# [WHAT NEEDS TO BE DONE]
Within the entries below, please return exactly the lines from the one with "Formidable collègue livre" through the one with "Little Blue Heron - ML608948137", leaving out any pictures.

Top of RECORDS FOR THIS EXERCISE

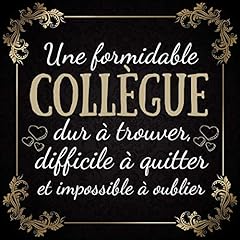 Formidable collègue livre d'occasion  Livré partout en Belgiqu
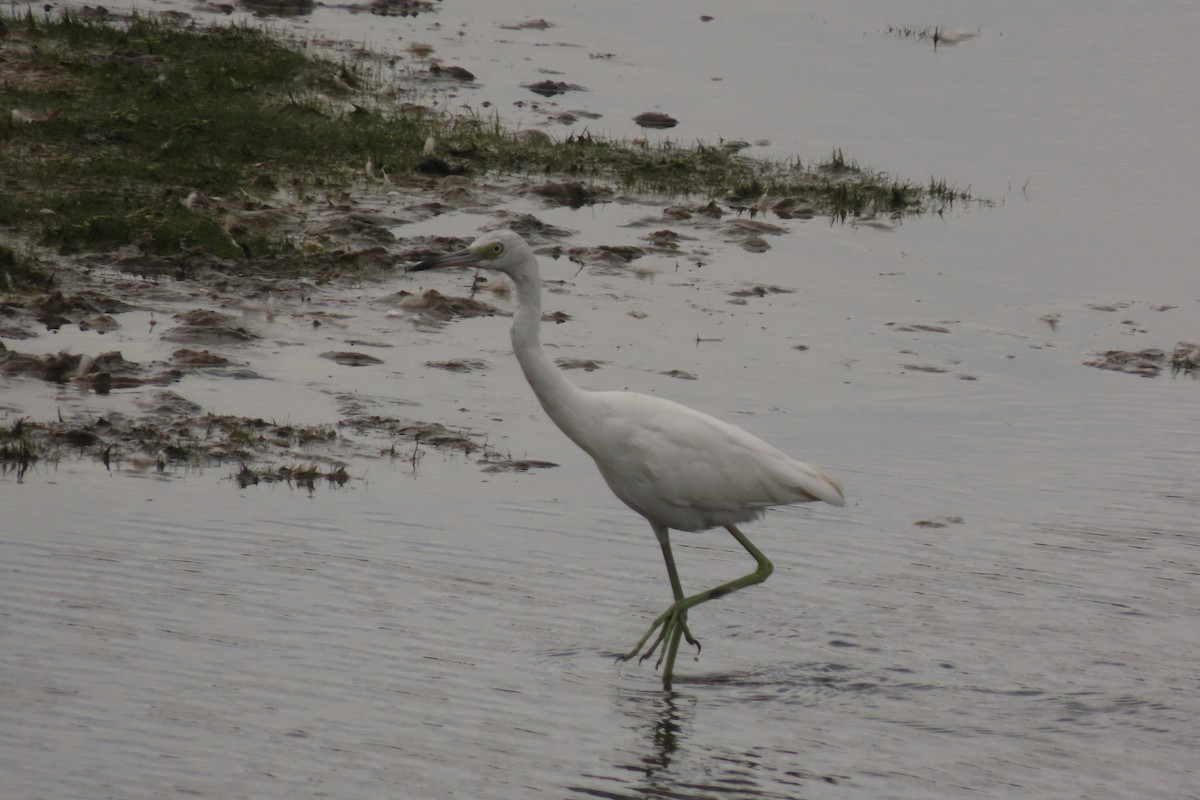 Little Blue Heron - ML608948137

Bottom of RECORDS FOR THIS EXERCISE
Top of RECORDS FOR THIS EXERCISE

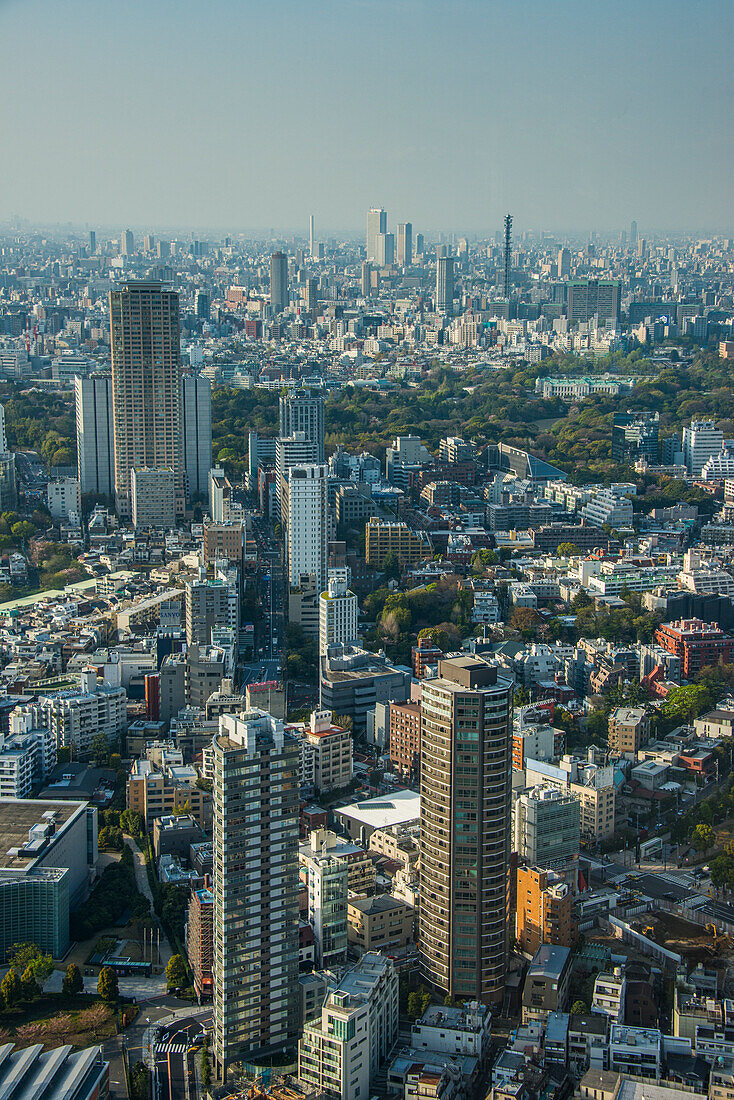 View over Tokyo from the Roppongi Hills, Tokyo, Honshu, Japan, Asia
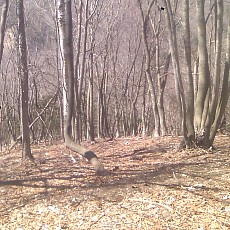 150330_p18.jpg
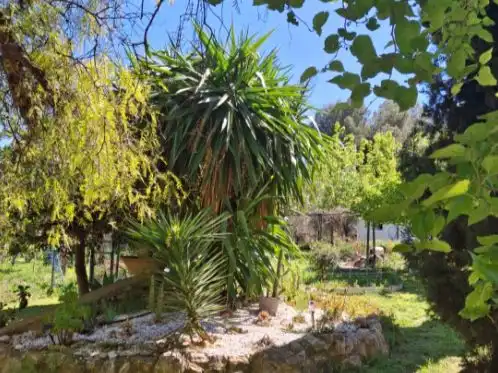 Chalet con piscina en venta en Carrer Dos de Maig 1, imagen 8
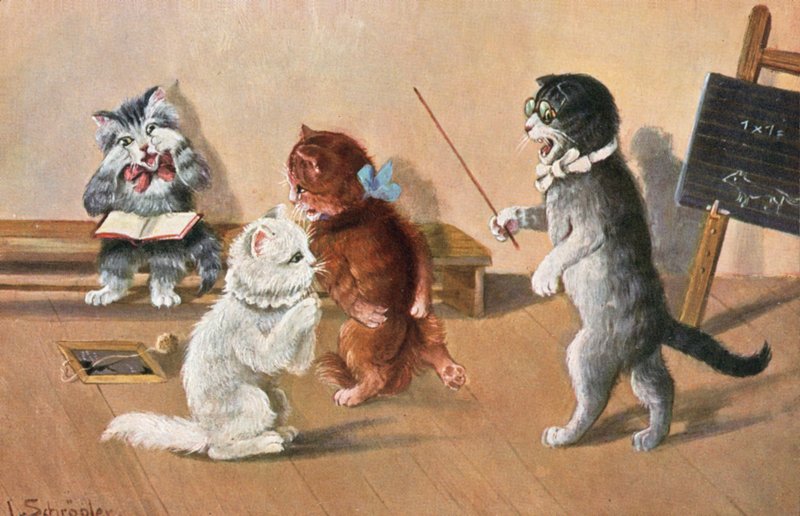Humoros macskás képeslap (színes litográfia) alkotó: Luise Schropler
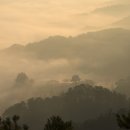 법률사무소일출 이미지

Bottom of RECORDS FOR THIS EXERCISE
Top of RECORDS FOR THIS EXERCISE

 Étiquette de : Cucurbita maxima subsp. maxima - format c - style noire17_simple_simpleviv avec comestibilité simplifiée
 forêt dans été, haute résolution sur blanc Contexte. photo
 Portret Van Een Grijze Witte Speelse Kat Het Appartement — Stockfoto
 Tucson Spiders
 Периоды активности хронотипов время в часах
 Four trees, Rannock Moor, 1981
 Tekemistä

Bottom of RECORDS FOR THIS EXERCISE

# [WRITTEN SOLUTION]
 Formidable collègue livre d'occasion  Livré partout en Belgiqu
 Little Blue Heron - ML608948137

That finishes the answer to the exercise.